Your copy should start at the line with "섯알오름 고사포진지에서 해설사 해설을 들으면서 역사를 배우는 청소년들" and end at the line with "Dezi 5, against" in the data below. Transcribe only those lines, exactly, pictures excluded.

- _INFORMATION SHOWN_
• • •
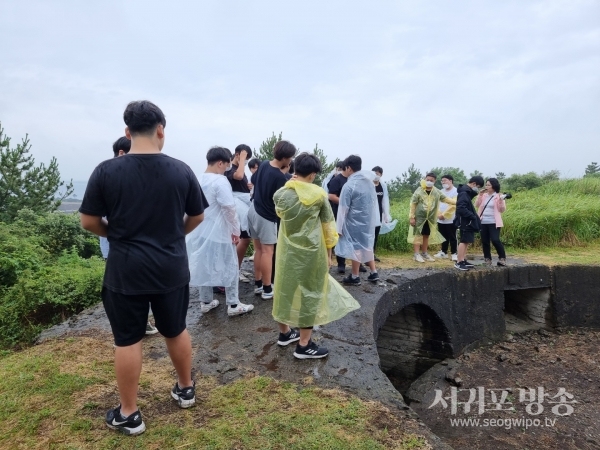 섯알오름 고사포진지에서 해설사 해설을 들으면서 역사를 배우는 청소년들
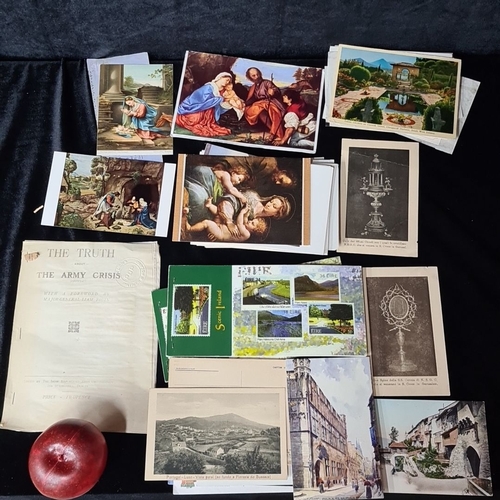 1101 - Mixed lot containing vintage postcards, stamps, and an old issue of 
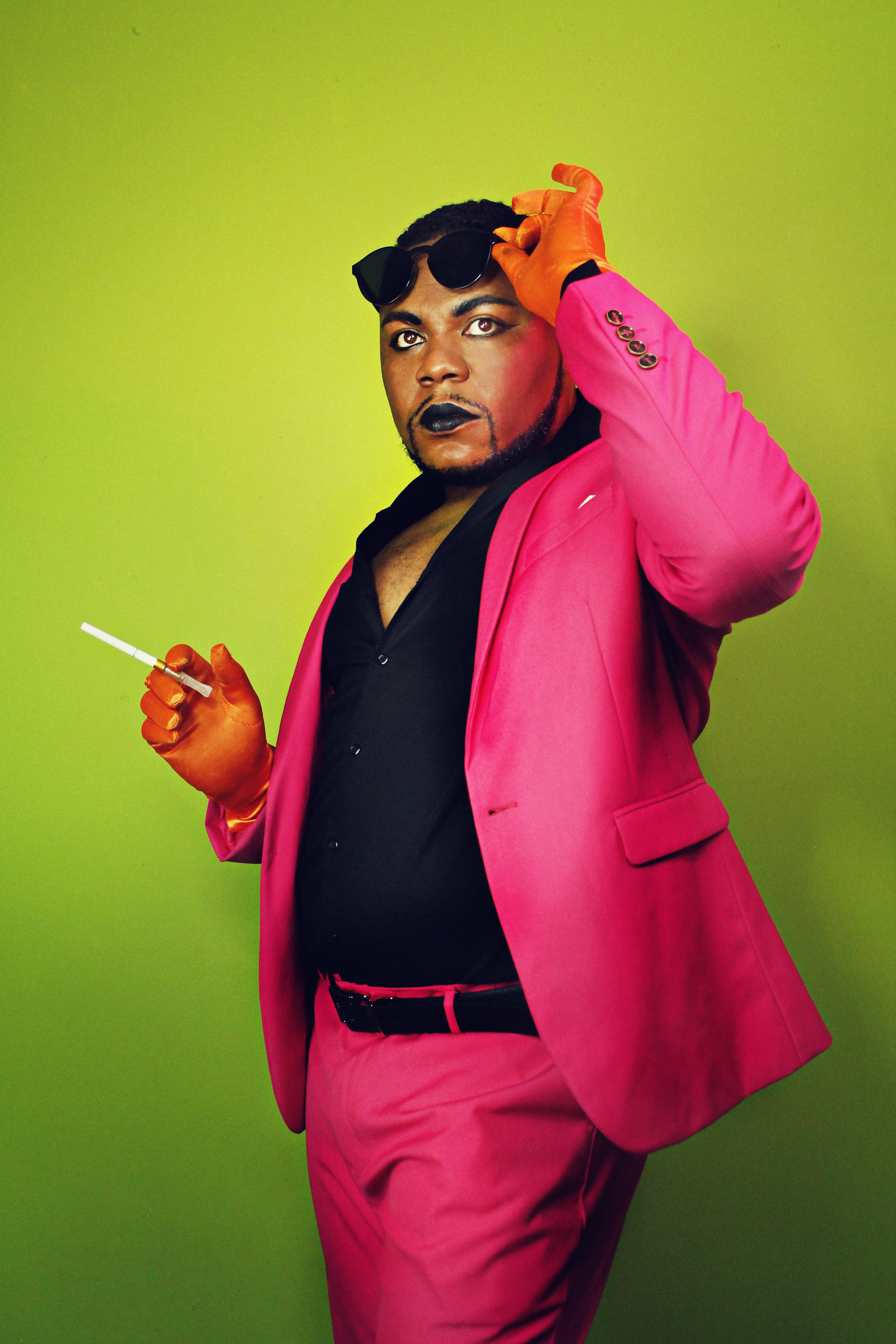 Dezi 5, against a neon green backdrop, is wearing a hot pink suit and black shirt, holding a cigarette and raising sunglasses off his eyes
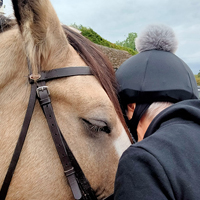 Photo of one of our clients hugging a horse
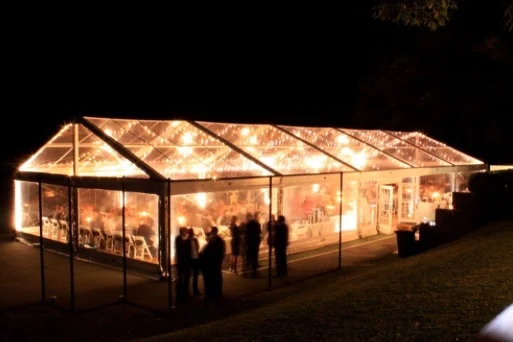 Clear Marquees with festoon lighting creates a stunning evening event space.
• • •
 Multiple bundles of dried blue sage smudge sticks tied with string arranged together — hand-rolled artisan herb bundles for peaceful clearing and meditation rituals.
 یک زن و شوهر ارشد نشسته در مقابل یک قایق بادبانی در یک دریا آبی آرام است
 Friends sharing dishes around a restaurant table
• • •
- _RESPONSE AREA_
 섯알오름 고사포진지에서 해설사 해설을 들으면서 역사를 배우는 청소년들
 1101 - Mixed lot containing vintage postcards, stamps, and an old issue of 
 Dezi 5, against a neon green backdrop, is wearing a hot pink suit and black shirt, holding a cigarette and raising sunglasses off his eyes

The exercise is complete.